Je suis exactement dans le même cas. Après avoir chercher un peu partout sur les forums, j'ai compris  

J'ai un iMac G5 - 20' fabriqué à Shangaï en Octobre 2004 et voilà qu'en l'ouvrant, j'ai découvert 5 condensateurs "gonflés".   

Je suis très colère et attends demain qu'il fasse jour pour agir! (et je n'ai pas que ça à faire!)
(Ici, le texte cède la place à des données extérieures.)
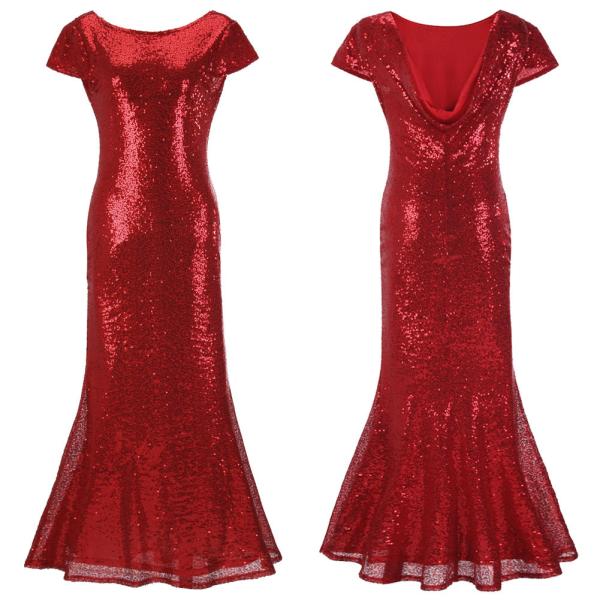 hot sale polyester short sleeve long women Bodycon evening beaded dress with gold sequin in red blue purple gray beige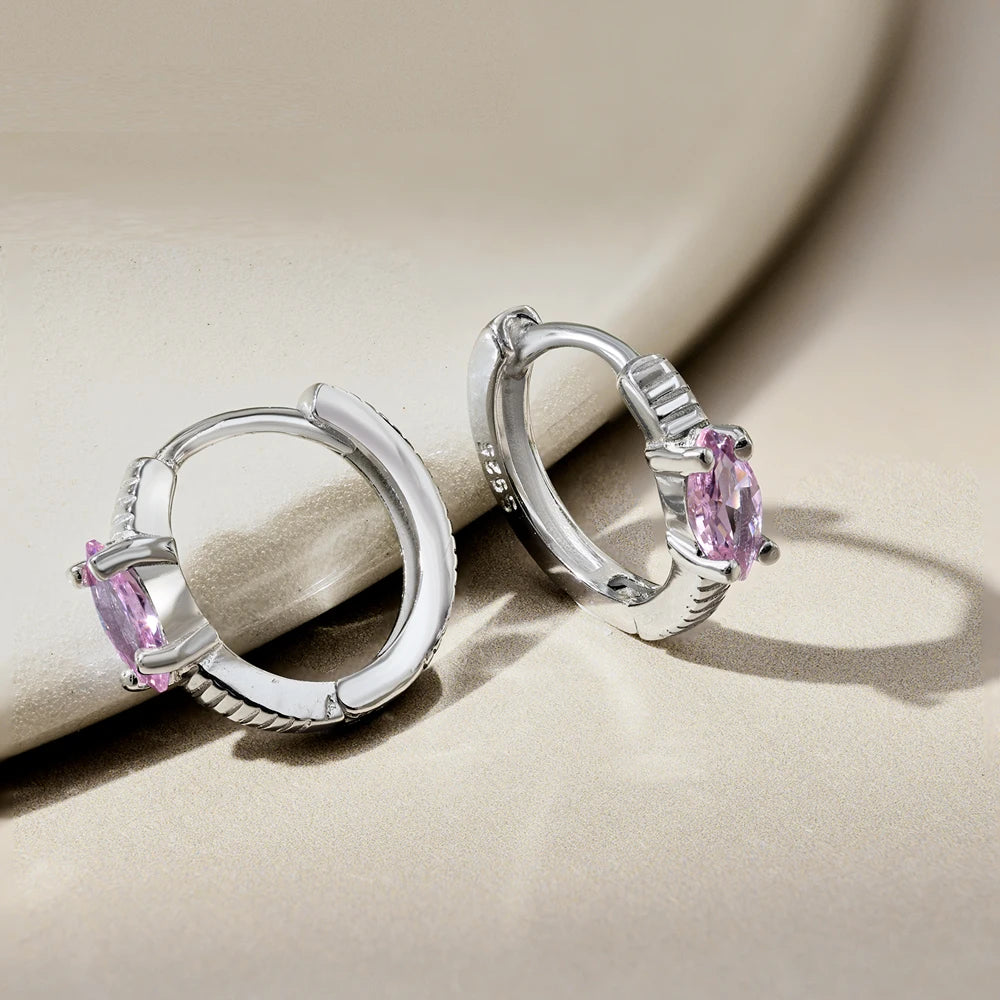 Silver Zircon Marquise Cut Brushed Huggie Earrings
Bon, ben si vous avez des pistes pour des solutions rapides !!!???


----------



## jaguymac (28 Novembre 2005)

ds11 a dit:
			
		

> Et ben non !
> 
> Je suis exactement dans le même cas. Après avoir chercher un peu partout sur les forums, j'ai compris
> 
> ...



J'ai eu le problème des condos dimanche dernier ( 1 qui fuyait et plusieurs de gonflés ) qui me provoquait des plantages et défauts d'affichage. J'ai téléphoné lundi à midi et vendredi un technicien est venu me changer la carte mère .Maintenant tout va bien.


----------



## ds11 (28 Novembre 2005)

jaguymac a dit:
			
		

> J'ai eu le problème des condos dimanche dernier ( 1 qui fuyait et plusieurs de gonflés ) qui me provoquait des plantages et défauts d'affichage. J'ai téléphoné lundi à midi et vendredi un technicien est venu me changer la carte mère .Maintenant tout va bien.




Telephoné à qui exactement ?
Sous garantie?


----------



## jaguymac (28 Novembre 2005)

ds11 a dit:
			
		

> Telephoné à qui exactement ?
> Sous garantie?



J'ai l'Applecare donc j'ai téléphoné au numéro de celle-ci.


----------